Brief descriptive captions:
╭──

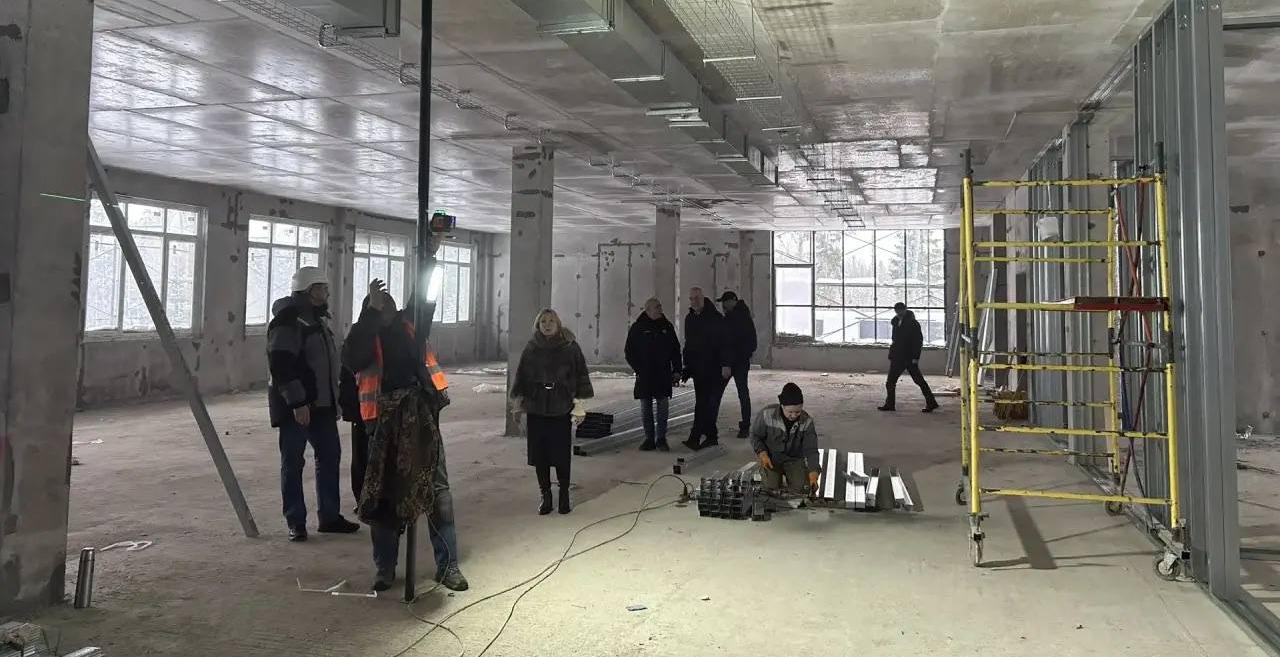 Глава города посетил строительство образовательного центра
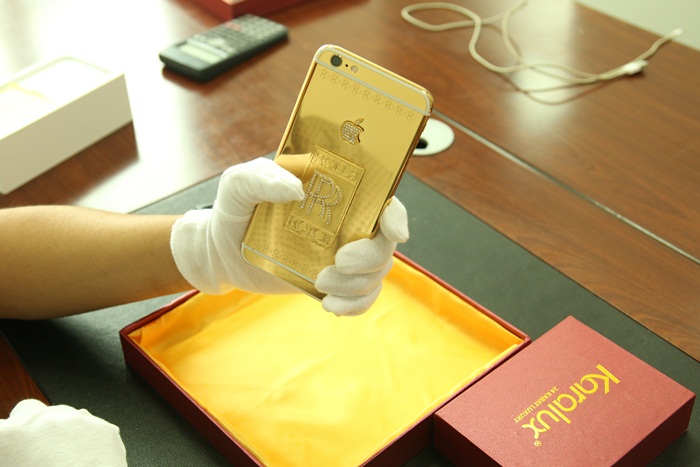 iPhone 6 plus của đại gia Quảng Ninh đúc Logo Rolls-Royce vàng ròng và đính kim cương Iphone6-Rolls-Royce4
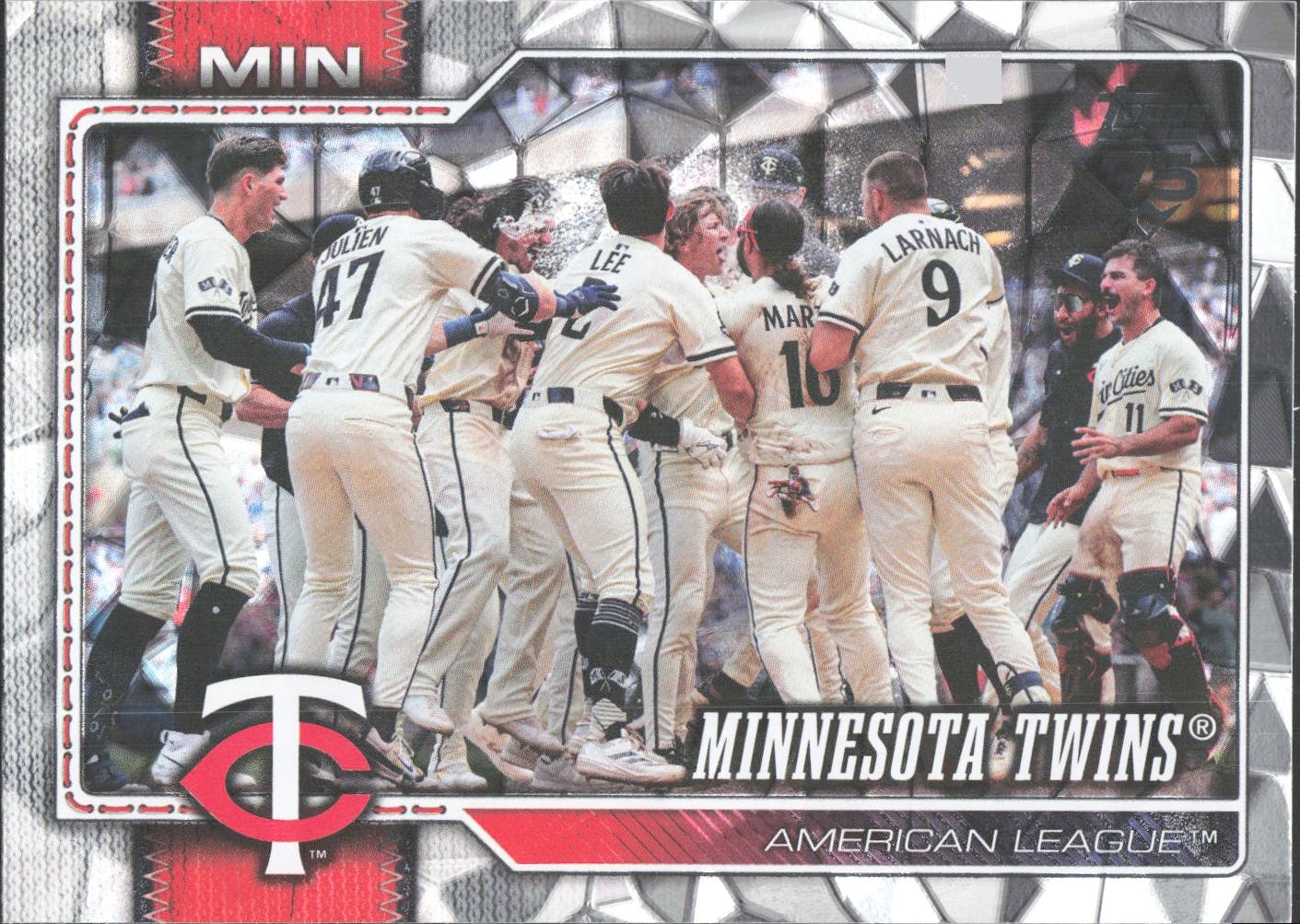 2026 Topps #491 Diamante Foil – Minnesota Twins Team Card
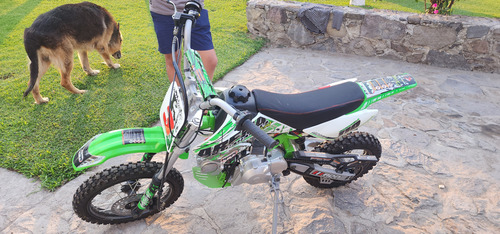 Carabela 110cc 7.5hp. Color Verde 4 Tiempos Encendido Elect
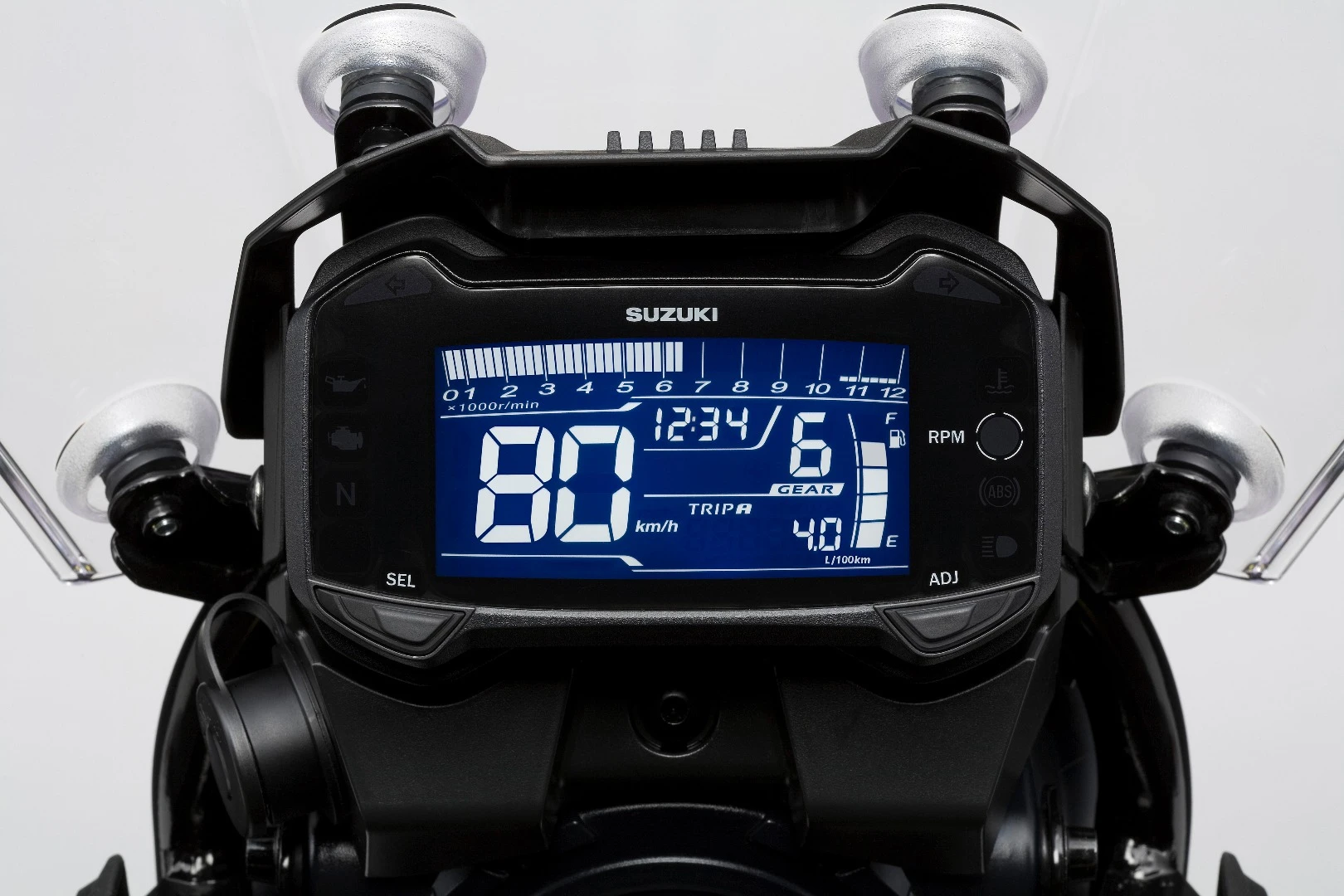 Suzuki V-Strom 250 ABS: gear position indicator is a nice touch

╰──

Could you return all the entries exactly as they appear, minus the pictures?

 Глава города посетил строительство образовательного центра
 iPhone 6 plus của đại gia Quảng Ninh đúc Logo Rolls-Royce vàng ròng và đính kim cương Iphone6-Rolls-Royce4
 2026 Topps #491 Diamante Foil – Minnesota Twins Team Card
 Carabela 110cc 7.5hp. Color Verde 4 Tiempos Encendido Elect
 Suzuki V-Strom 250 ABS: gear position indicator is a nice touch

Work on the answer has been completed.